Hogwash of course. The context simply shifts to being a white-walled gallery — our chosen temples of art, which grant everything shown inside an aura of the sacred. But would an artwork be diminished by being shown in a factory? Some might. Others could very well be improved by it, no sarcasm intended. Context is always going to be a part of the equation, and its importance can by downplayed or played up.
This is particularly true in the case of public art. Take, for example, Taro Okamoto’s Myth of Tomorrow, the 30-metre painting originally commissioned for a hotel lobby in Mexico. Lost during the hotel’s bankruptcy, the mural turned up 30 years later in a warehouse shortly after the painter’s death, and Okamoto’s wife made sure that it was returned it to Japan, though sadly she didn’t live to see it arrive either.
The piece is an unusually direct depiction of the bombing of Hiroshima and Nagasaki, at least for the time it was painted. And the exact reasons that Shibuya station was chosen as a permanent home (after the piece did a one-year stint in the Museum of Contemporary Art Tokyo) is a political affair, likely having to do with not wanting one city or the other to feel artistically snubbed.
But over the last few years, many have commented on the appropriateness of having such a sombre reminder of death in the bustling pedestrian walkway of the Marks City building. Some find it ironically fitting, that the everydayness of the place should be pervaded by a sombre past — that office workers walk (and just as often flat-out run) past the work to make their trains without even looking up. Others see it as a fittingly located reminder to Japan’s youth that this event is in their history.
But as a work whose context has been commuted from one country to another and from one time to another, without an audience in between, a few interesting ideas present themselves. One is the fact that Okamoto never intended this to be a work for a Japanese audiences. When Okamoto’s wife felt that the commissioning hotel might balk at the imagery, he told her, “Because it is Mexico, this will work.” Yet decades later, here it is on display in Tokyo, in a social climate that has perhaps changed beyond what he could have imagined. And Myth of Tomorrow most definitely works here, although I will concede that it took Okamoto’s near-legendary status as an artist for such a thing to happen — the commissioned murals in most other trains stations are still mostly sunshine and rainbows.
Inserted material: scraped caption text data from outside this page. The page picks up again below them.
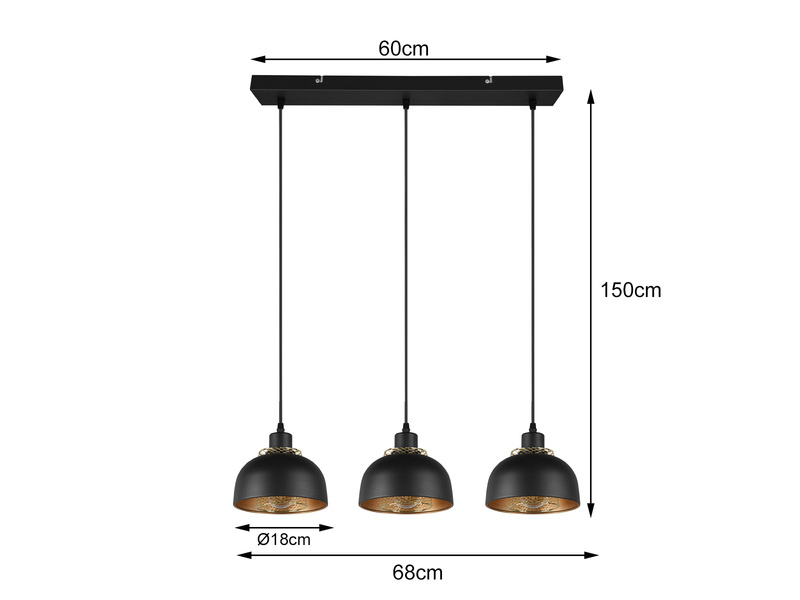 Pendelleuchte PUNCH 3-flammig Metall Schwarz Gold mit Drahtgeflecht, Breite 68cm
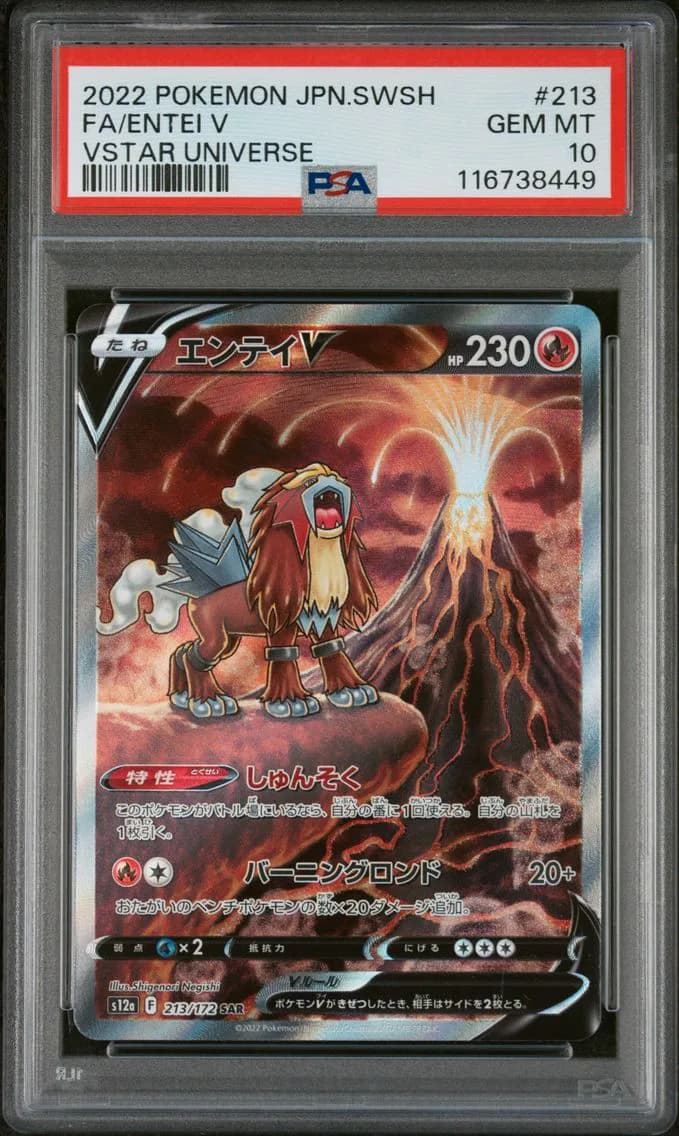 Entei V, Japanese Sword & Shield Vstar Universe, PSA 10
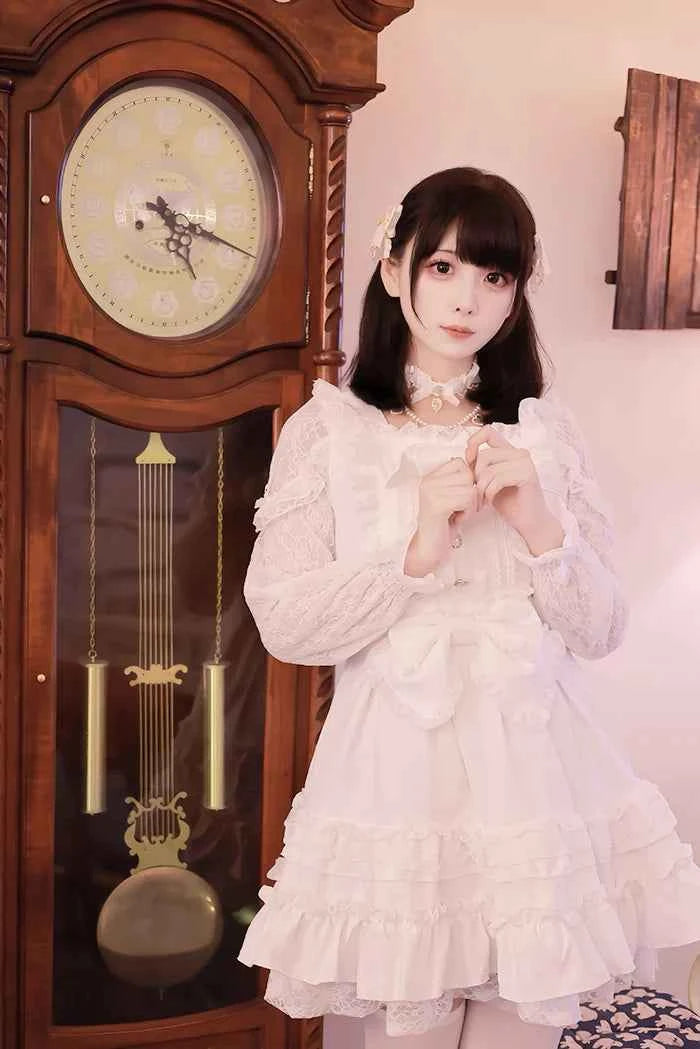 Japanese Liz Dresses Women Autumn New Girl's Sweet Cute Bud Mini Series Mass Production Angel Small Cake Dress Bow Lolita Dress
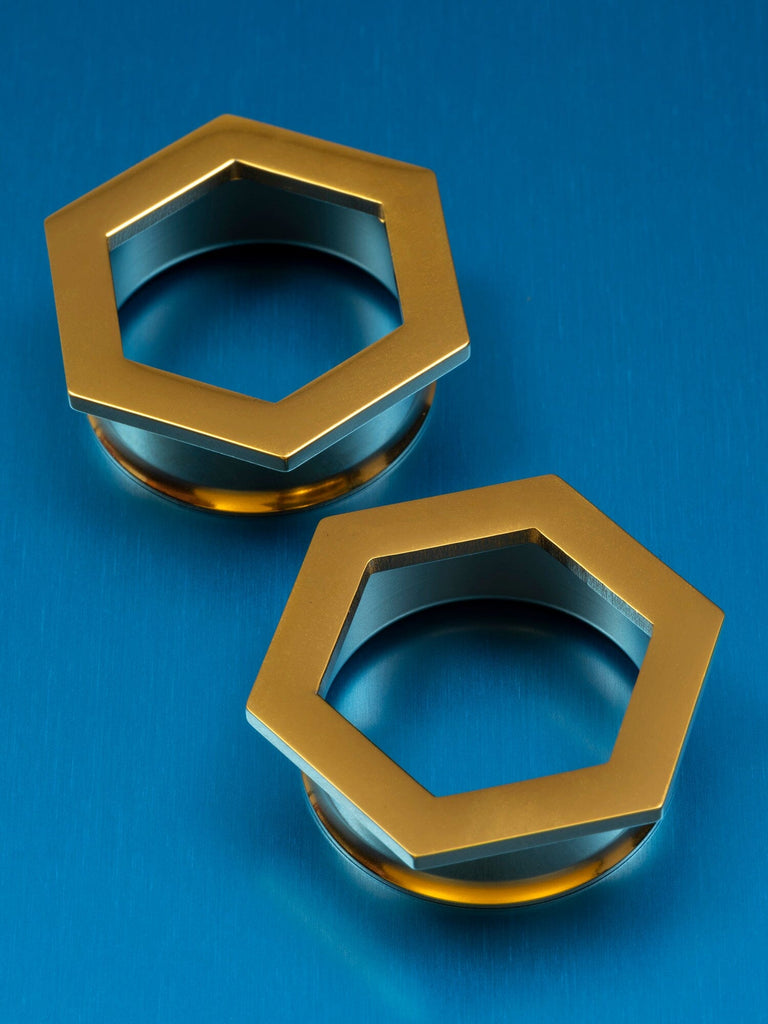 Gold Hexagon Double Flared Steel Tunnels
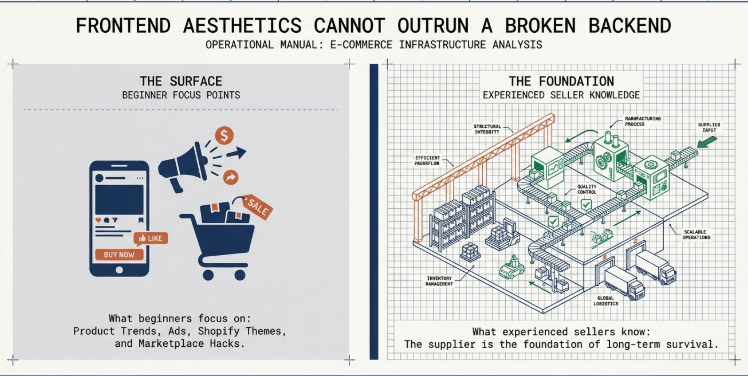 Frontend aesthetics cannot outrun a broken backend infographic comparing beginner ecommerce focus areas like ads, product trends, and Shopify themes with the operational foundation required for long-term ecommerce success, including supplier systems, manufacturing, inventory management, logistics, and scalable fulfillment.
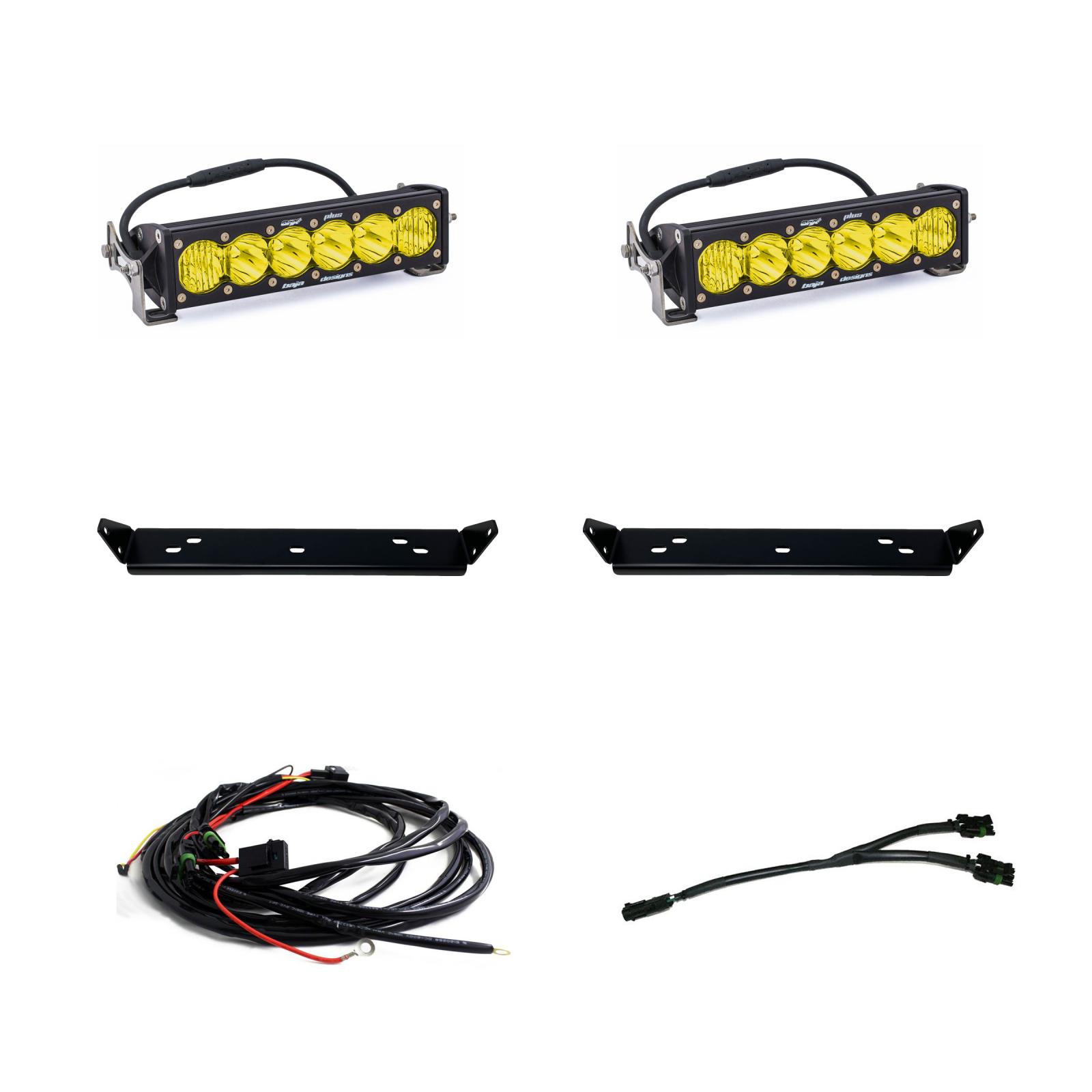 Baja Designs 448064 - 10 Inch Onx6 D/C Baja Amber Behind Grill Kit fits 21-On Ford Raptor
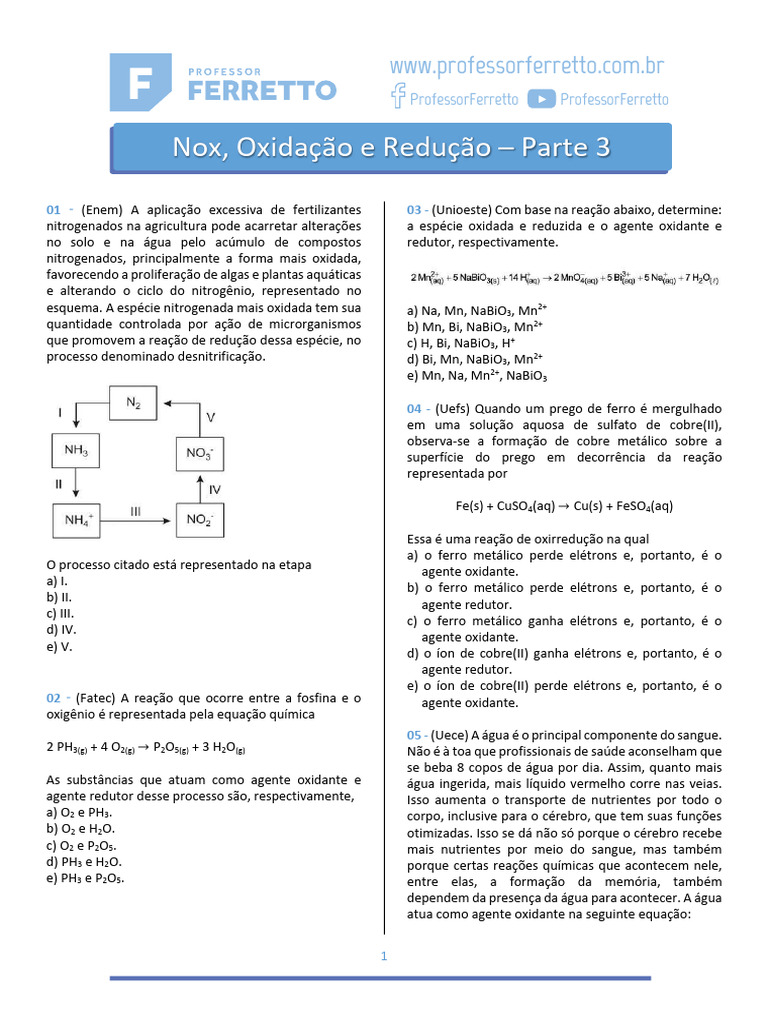 10 Questões Nox, Oxidação e Redução - Parte 3 | PDF | Reações químicas ...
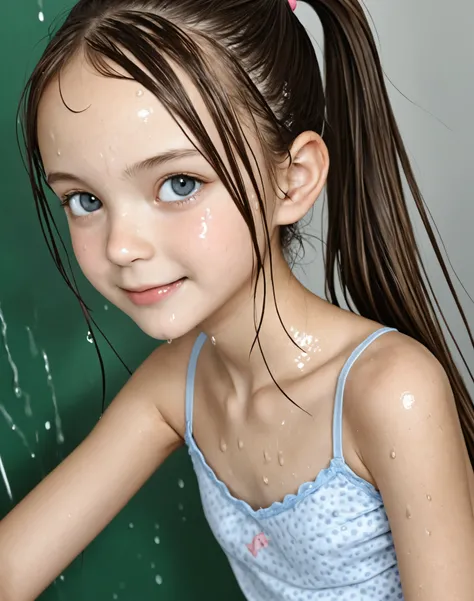 elementary school student、reality、cute、camisole、ponytail、wet eyes、(Gentle smile:0.5),skinny,from above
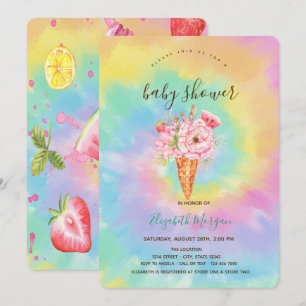  Ice Cream,Fruit Colourful Tie Dye Baby Shower   Invitation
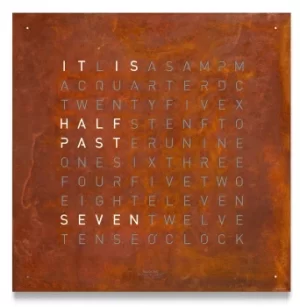 image of QLOCKTWO Classic Creators Edition Rust Wall Clock 45cm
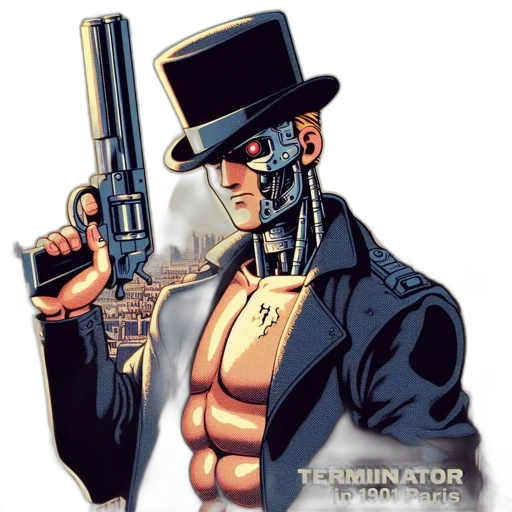 weapon, robot, comic book art, cyberpunk transparent PNG cut-out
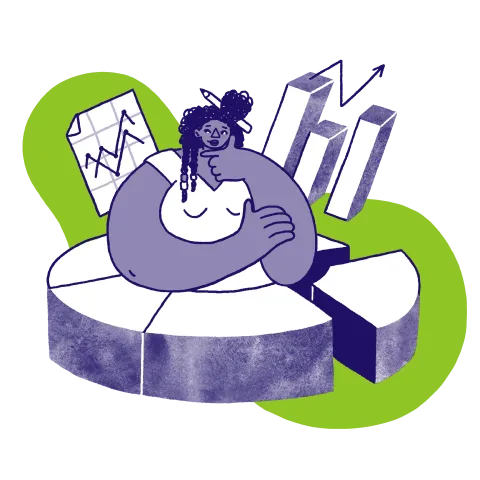 Illustration of a person surrounded by graphs and charts
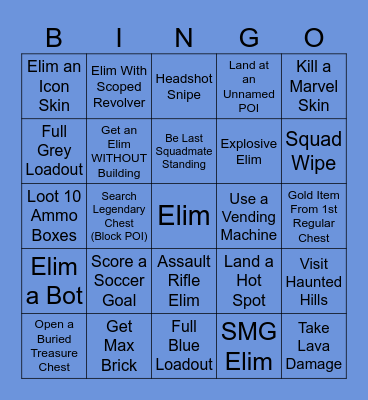 Fortnite Bingo #3 Bingo Card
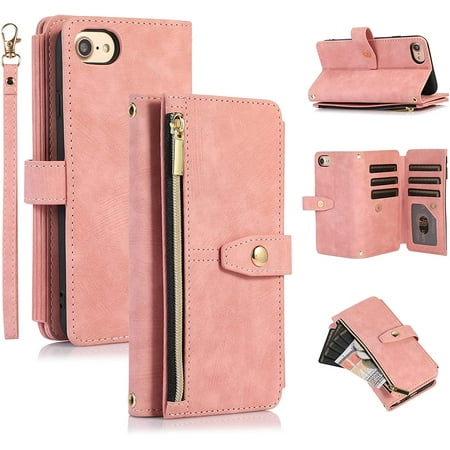 ANTHOUSE Wallet Case for iPhone 7 Plus iPhone 8 Plus, Retro 9 Card Slots Zipper Pocket Handbag Case PU Leather Magnetic Closure Kickstand with Wrist Strap TPU Flip Case - Brown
Another contextual relationship arises when one realizes that the work was originally intended for a hotel setting — something as close to a gallery as you could ask. After all, most hotel guests will be visitors who only see decorative work once. But a train station is another thing entirely. This is a setting where most viewers will see the work again and again, every day. One might even say, ritually. Okamoto painted Myth in the spirit of mythologizing the A-bombings — not so that they would be forgotten, but so that they would become, literally, myths of tomorrow, the tales a culture tells itself and defines itself by. A strength rather than a weakness.
But mythologies are not created in a single event. They develop through retelling and ritual. For those that pass through this part of the station day after day, Okamoto’s work may dwindle into the background, but it has also become a daily part of their lives — going beyond the borrowed divinity of the gallery and bringing its dialogue with the public into their daily lives. The bombings may not have reached mythological status just yet, but then again, the title is not “Myth of Today.” Okamoto was an artist who understood the timescales of culture.